Find the word "Best" in the records and copy every line where it occurs.

** MATERIAL PROVIDED follows **

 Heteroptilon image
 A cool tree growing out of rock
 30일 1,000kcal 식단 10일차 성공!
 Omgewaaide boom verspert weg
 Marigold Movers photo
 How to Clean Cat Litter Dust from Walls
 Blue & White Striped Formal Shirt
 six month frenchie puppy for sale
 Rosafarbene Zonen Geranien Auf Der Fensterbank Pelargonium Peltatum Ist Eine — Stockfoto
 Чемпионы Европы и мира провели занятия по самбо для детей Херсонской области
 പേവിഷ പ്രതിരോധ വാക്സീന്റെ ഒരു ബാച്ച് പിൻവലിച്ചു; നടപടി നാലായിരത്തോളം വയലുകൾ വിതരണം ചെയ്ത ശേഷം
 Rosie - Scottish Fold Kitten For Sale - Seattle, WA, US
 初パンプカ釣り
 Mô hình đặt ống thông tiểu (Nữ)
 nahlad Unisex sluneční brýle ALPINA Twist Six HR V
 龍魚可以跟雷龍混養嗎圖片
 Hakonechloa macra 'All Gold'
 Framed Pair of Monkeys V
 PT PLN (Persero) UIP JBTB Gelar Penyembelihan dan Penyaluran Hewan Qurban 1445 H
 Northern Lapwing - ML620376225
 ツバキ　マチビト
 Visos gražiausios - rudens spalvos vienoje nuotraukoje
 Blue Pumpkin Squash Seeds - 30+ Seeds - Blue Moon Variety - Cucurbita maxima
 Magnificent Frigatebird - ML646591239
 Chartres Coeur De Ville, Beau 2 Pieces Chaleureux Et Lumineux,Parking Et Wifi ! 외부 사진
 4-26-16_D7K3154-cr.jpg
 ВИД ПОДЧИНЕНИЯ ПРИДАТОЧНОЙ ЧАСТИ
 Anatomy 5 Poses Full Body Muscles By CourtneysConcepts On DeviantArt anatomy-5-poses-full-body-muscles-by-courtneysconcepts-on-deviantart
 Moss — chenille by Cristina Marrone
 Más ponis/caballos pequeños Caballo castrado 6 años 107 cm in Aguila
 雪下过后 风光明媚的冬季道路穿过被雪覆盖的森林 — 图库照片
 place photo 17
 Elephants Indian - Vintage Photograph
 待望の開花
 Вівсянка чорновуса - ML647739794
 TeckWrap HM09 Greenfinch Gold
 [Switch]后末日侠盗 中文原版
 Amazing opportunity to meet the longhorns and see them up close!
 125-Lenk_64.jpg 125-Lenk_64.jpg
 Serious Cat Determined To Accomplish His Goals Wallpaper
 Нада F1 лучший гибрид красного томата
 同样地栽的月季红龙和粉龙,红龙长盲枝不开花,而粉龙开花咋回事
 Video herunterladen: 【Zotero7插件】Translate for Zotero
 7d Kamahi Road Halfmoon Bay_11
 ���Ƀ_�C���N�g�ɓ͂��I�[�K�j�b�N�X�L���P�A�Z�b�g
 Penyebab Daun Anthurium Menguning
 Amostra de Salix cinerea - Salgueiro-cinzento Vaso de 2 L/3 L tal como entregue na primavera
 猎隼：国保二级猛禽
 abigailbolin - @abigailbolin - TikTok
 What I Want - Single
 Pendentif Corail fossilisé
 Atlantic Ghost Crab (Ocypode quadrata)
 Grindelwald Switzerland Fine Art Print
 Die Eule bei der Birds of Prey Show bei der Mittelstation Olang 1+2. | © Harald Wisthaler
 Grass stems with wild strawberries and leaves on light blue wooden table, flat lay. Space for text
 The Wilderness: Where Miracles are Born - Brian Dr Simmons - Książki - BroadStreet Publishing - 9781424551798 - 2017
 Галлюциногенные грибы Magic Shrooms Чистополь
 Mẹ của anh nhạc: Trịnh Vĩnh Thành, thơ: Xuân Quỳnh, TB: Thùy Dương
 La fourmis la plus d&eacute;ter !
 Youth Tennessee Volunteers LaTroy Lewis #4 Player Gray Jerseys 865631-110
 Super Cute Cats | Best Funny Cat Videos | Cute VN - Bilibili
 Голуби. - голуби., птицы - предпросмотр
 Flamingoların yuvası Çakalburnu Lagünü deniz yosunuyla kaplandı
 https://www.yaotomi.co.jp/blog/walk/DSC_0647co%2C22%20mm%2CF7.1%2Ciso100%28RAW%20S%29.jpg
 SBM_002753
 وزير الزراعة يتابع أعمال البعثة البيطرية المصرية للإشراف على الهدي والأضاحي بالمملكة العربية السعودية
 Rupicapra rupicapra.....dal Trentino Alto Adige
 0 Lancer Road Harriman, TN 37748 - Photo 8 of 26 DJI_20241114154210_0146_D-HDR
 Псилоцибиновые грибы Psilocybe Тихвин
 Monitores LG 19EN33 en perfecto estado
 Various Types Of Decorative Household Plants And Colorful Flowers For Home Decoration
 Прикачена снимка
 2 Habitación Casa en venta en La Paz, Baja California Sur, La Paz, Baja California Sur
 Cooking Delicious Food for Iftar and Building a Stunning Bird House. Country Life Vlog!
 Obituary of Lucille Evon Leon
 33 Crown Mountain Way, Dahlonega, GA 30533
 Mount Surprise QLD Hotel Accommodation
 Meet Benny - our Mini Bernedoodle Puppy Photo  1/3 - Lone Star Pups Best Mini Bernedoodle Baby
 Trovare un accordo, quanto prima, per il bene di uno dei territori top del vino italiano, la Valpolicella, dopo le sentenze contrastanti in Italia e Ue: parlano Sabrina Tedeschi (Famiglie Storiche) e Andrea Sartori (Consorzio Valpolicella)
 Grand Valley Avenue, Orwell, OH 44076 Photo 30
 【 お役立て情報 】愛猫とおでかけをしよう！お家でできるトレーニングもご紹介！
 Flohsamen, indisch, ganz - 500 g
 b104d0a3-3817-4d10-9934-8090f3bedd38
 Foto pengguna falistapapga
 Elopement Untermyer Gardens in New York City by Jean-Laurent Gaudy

** End of MATERIAL PROVIDED **

◆ TASK SOLUTION:
 Super Cute Cats | Best Funny Cat Videos | Cute VN - Bilibili
 Meet Benny - our Mini Bernedoodle Puppy Photo  1/3 - Lone Star Pups Best Mini Bernedoodle Baby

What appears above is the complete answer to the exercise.